ADDENDUM TO MANAGEMENT AGREEMENT

EX-10.6 8 v156498_ex10-6.htm EXHIBIT 10.6
ADDENDUM TO MANAGEMENT AGREEMENT

THIS ADDENDUM TO MANAGEMENT AGREEMENT (“Addendum”) dated February 29, 2008 is by and between UNIVERSAL CAPITAL MANAGEMENT, INC. and VYSTAR CORPORATION This Addendum amends and modifies that certain Management Agreement dated January 31, 2008 between the parties hereto.

1.
Paragraphs 3. and 4. of the Management Agreement entitled “Term and Termination” and “Compensation” respectively, are deleted in their entirety and replaced with the following:

3.
Term and Termination

(a)        This Agreement shall be effective as of the Effective Date and, subject to the provisions of section (b) of this Section 3, shall terminate after one (1) year (the “Term”).

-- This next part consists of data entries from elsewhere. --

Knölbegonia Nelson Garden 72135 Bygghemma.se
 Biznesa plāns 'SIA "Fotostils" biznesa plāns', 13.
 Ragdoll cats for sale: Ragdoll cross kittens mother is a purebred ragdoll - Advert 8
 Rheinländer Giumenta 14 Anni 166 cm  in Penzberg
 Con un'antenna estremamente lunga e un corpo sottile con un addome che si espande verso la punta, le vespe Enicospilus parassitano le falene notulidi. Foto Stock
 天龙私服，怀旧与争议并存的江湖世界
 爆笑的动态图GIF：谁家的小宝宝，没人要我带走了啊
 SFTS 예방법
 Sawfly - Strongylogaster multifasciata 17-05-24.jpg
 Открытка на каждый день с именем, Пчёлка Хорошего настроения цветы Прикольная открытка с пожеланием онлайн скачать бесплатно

The Term shall be automatically extended from year to year in the absence of ninety (90) days’ notice from one party to the other.
 
(b)        Notwithstanding the provisions of subsection (a) of this Section 3, (i) Manager can terminate this Agreement at any time upon thirty (30) days’ notice to VYSTAR upon VYSTAR’s failure to pay the amounts required hereunder, and (ii) VYSTAR can terminate this Agreement after thirty (30) days’ notice to Manager of Manager’s material failure to fulfill its obligations hereunder and Manager’s failure to correct such failure during such time period.
 
(c)        Not withstanding any other provision of subsections (a) or (b) of this Section 3, Manager will earn Sixty-Five percent (65%) of the Compensation, Section 4, for the Agreement as of January 31, 2008.
 
4.
Compensation

(c)        Within thirty (30) days of the signing of this agreement Vystar shall pay Manager for the Services by delivering to Manager a Warrant, pursuant to a Warrant agreement attached hereto as Exhibit C, to purchase up to One Million (1,000,000) shares of the common stock of the Company at an exercise price of $0.01. If the Term of this Agreement extends beyond the its Term, VYSTAR shall pay for continuing Services hereunder by delivering five hundred thousand (500,000) additional Warrants to Manager on the anniversary of the Effective Date and each anniversary date thereafter during the term of this Agreement. , and
 
(b)        A Warrant, pursuant to a Warrant agreement attached hereto as Exhibit B, to purchase up to Five Hundred Thousand (500,000) shares of the common stock, par value $.0001 of VYSTAR at an exercise price of $2.00. The Warrant will be exercisable in whole or in part at or before 5:00 p.m. E.S.T. on January 31, 2013.
 
In addition, VYSTAR shall reimburse Manager for third party and out-of-pocket expenses actually and reasonably incurred by Manager as an adjunct to and as a supplement to Manager’s responsibility for performing the Services for which Manager is being paid compensation described herein, and which are approved in advance by Vystar; provided that expenses of Affiliates of Manager shall not be deemed third party expenses for purposes of this Section 4.
 
 
 

 

2.
All other provisions of the Management Agreement remain in full force and effect.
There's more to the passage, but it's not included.